ASSIGNMENT
The lines to repeat are those below from the one containing "ellarguero's tweet photo." down to the one containing "May include: Two", both included; reproduce them exactly and nothing else.

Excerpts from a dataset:
++++

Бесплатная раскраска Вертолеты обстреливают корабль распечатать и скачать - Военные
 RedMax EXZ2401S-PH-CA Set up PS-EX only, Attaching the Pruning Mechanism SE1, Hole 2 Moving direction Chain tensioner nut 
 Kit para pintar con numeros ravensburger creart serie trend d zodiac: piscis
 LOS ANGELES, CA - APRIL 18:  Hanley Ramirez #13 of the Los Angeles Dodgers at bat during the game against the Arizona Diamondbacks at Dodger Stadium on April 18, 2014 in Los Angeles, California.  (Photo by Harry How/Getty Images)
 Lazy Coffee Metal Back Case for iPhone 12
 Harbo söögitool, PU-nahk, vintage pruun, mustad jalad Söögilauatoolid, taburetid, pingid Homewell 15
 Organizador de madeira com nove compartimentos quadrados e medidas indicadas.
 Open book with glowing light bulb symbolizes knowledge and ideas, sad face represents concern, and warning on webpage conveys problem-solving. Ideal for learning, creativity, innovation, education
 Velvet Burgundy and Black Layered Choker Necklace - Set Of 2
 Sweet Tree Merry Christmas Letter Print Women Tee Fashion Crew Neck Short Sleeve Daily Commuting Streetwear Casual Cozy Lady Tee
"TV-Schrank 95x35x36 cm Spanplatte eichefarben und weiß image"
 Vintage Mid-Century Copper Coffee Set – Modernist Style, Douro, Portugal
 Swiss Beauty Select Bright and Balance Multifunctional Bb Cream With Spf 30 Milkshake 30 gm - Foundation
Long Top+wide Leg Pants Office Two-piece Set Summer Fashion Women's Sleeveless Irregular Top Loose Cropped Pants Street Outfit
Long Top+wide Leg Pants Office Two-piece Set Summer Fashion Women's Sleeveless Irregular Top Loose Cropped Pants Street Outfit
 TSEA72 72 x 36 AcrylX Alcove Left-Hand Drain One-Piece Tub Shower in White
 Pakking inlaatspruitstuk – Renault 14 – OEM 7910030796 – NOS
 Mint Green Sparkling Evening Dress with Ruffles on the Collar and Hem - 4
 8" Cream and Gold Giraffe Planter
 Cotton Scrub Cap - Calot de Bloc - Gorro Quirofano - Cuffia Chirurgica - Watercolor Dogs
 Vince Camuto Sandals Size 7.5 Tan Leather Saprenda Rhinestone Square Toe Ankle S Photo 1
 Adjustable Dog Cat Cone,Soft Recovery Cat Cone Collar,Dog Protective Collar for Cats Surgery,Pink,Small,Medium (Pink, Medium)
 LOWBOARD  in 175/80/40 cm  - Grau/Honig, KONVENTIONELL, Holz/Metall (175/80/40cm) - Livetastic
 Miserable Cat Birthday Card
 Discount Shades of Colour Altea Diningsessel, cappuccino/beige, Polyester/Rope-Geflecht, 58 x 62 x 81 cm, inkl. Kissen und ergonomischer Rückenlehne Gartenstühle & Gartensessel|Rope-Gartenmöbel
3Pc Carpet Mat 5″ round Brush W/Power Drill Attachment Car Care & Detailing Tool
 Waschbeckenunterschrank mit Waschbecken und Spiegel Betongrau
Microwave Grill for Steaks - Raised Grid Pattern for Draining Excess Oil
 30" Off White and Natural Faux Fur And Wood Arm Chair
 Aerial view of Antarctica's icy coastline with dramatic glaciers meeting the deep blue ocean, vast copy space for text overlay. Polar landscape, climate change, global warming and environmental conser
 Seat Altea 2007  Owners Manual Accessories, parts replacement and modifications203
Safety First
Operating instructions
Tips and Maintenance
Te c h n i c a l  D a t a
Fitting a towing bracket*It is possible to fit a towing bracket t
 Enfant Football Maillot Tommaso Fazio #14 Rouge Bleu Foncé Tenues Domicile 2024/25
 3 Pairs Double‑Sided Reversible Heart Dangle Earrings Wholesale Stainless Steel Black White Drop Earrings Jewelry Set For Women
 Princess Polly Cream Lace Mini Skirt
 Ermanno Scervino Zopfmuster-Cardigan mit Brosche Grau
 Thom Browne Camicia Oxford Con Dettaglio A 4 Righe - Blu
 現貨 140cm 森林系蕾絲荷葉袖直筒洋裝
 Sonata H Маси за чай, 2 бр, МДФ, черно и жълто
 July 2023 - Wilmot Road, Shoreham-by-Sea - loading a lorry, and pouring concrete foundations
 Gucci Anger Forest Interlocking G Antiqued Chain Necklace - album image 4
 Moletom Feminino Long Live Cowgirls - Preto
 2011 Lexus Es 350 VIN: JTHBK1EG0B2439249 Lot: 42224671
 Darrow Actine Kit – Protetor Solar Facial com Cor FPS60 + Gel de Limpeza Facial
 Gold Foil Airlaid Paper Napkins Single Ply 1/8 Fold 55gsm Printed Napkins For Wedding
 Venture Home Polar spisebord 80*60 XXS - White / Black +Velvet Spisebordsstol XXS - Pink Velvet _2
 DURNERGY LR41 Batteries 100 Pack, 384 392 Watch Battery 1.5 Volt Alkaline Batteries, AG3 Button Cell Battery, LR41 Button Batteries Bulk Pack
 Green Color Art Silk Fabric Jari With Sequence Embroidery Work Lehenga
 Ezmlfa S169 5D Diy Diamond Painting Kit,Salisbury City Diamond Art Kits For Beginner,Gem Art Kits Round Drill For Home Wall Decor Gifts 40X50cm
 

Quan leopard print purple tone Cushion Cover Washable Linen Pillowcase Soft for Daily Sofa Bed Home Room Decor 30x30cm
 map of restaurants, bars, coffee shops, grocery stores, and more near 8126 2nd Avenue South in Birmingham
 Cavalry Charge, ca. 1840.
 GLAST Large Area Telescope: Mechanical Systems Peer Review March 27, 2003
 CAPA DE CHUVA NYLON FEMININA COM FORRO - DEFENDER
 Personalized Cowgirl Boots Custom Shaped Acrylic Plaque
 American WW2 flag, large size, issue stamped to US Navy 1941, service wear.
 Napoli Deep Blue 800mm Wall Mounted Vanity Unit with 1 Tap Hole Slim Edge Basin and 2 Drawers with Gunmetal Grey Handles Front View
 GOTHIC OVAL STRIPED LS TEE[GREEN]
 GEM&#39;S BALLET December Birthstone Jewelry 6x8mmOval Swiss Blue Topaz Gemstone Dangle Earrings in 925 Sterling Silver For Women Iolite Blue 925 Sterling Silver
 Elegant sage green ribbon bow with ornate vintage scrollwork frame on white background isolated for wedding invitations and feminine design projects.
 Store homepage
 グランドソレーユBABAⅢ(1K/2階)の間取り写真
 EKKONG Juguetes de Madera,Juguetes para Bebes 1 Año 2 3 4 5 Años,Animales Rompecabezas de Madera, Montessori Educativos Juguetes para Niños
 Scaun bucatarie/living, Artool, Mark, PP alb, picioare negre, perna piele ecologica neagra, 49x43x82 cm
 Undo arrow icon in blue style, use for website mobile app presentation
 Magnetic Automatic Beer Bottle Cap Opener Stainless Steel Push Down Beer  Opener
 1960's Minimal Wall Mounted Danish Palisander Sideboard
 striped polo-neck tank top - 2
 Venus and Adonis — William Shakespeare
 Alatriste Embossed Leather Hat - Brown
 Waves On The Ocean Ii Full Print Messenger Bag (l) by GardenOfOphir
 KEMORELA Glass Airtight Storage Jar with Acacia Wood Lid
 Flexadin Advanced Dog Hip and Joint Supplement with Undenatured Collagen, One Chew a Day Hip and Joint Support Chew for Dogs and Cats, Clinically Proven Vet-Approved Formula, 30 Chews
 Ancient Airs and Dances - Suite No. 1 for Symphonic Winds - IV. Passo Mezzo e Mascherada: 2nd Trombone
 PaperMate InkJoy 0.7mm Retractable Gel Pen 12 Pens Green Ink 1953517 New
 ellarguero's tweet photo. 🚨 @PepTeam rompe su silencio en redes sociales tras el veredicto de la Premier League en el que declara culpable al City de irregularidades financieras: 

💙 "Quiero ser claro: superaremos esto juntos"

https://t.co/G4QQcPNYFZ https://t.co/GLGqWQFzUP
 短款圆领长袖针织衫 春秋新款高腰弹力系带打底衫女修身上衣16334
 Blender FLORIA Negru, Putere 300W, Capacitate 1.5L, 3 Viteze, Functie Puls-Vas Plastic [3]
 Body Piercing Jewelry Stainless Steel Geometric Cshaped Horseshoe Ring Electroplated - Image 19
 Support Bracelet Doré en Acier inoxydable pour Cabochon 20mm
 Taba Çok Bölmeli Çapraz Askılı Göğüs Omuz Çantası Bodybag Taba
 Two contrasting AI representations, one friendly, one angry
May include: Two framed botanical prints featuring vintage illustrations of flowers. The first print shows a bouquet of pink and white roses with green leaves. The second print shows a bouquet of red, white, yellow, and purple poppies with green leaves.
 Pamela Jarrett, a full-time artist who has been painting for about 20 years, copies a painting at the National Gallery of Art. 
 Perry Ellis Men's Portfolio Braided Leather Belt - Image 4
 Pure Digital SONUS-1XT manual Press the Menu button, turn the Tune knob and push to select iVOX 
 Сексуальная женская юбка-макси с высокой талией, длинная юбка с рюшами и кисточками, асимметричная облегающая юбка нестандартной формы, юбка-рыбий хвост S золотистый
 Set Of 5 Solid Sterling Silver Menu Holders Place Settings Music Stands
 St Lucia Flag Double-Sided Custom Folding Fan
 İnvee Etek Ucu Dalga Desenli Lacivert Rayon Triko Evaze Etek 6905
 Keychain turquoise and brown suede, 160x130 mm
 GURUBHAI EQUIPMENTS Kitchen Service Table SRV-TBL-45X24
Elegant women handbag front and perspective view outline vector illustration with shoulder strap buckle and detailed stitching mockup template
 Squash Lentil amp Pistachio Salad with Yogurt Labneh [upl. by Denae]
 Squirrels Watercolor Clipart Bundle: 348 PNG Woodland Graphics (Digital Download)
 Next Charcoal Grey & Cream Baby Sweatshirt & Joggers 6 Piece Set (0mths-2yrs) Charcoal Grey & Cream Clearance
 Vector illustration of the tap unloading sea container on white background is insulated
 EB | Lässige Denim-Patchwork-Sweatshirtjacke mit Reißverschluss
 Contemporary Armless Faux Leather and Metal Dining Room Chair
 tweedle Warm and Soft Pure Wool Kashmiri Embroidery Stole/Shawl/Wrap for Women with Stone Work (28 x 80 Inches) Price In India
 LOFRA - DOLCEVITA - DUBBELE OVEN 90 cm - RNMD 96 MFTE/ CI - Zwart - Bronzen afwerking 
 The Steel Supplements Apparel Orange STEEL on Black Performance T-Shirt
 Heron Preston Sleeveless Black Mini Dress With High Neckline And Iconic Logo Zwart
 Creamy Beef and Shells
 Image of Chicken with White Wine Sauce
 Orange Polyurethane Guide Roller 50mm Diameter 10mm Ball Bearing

++++

SOLUTION BELOW
 ellarguero's tweet photo. 🚨 @PepTeam rompe su silencio en redes sociales tras el veredicto de la Premier League en el que declara culpable al City de irregularidades financieras: 

💙 "Quiero ser claro: superaremos esto juntos"

https://t.co/G4QQcPNYFZ https://t.co/GLGqWQFzUP
 短款圆领长袖针织衫 春秋新款高腰弹力系带打底衫女修身上衣16334
 Blender FLORIA Negru, Putere 300W, Capacitate 1.5L, 3 Viteze, Functie Puls-Vas Plastic [3]
 Body Piercing Jewelry Stainless Steel Geometric Cshaped Horseshoe Ring Electroplated - Image 19
 Support Bracelet Doré en Acier inoxydable pour Cabochon 20mm
 Taba Çok Bölmeli Çapraz Askılı Göğüs Omuz Çantası Bodybag Taba
 Two contrasting AI representations, one friendly, one angry
May include: Two framed botanical prints featuring vintage illustrations of flowers. The first print shows a bouquet of pink and white roses with green leaves. The second print shows a bouquet of red, white, yellow, and purple poppies with green leaves.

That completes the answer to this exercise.